#### Brief:
From the data below, set down exactly the lines between the one holding "Gobe Gumiji za" and the one holding "Tuna Boat Wood", inclusive, and no others.

#### Data to process:

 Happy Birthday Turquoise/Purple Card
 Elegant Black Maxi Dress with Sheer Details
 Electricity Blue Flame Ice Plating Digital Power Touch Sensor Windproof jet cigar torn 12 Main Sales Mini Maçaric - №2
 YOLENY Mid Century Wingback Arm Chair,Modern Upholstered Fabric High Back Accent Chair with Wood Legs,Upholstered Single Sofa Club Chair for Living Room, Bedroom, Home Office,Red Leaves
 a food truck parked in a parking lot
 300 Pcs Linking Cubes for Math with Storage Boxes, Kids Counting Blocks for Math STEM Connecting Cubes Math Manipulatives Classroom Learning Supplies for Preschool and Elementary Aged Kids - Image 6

---

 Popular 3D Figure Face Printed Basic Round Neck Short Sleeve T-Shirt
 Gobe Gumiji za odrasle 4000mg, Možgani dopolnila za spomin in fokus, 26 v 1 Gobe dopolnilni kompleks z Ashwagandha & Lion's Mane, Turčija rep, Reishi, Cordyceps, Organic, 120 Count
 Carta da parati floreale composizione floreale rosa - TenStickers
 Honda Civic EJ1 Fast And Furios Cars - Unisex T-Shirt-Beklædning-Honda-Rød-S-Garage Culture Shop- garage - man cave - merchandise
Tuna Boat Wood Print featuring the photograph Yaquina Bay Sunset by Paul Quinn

---

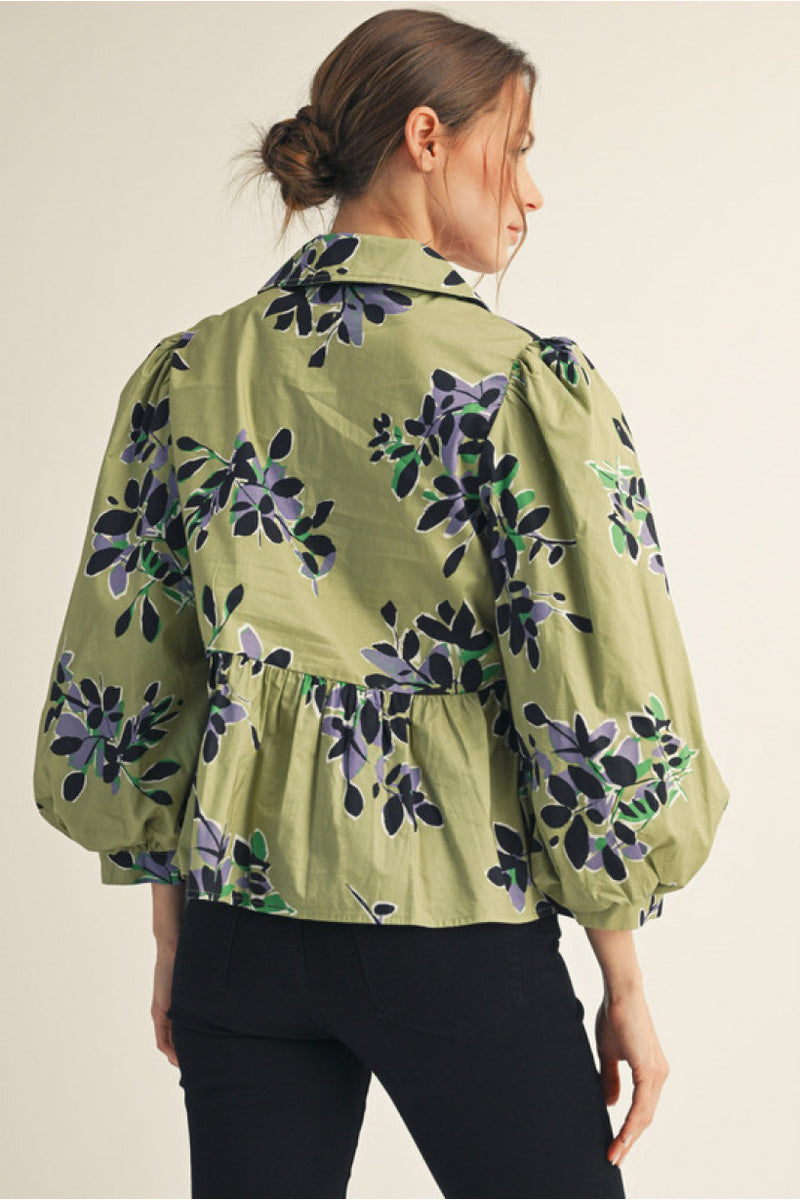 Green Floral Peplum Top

#### Worked solution:
 Gobe Gumiji za odrasle 4000mg, Možgani dopolnila za spomin in fokus, 26 v 1 Gobe dopolnilni kompleks z Ashwagandha & Lion's Mane, Turčija rep, Reishi, Cordyceps, Organic, 120 Count
 Carta da parati floreale composizione floreale rosa - TenStickers
 Honda Civic EJ1 Fast And Furios Cars - Unisex T-Shirt-Beklædning-Honda-Rød-S-Garage Culture Shop- garage - man cave - merchandise
Tuna Boat Wood Print featuring the photograph Yaquina Bay Sunset by Paul Quinn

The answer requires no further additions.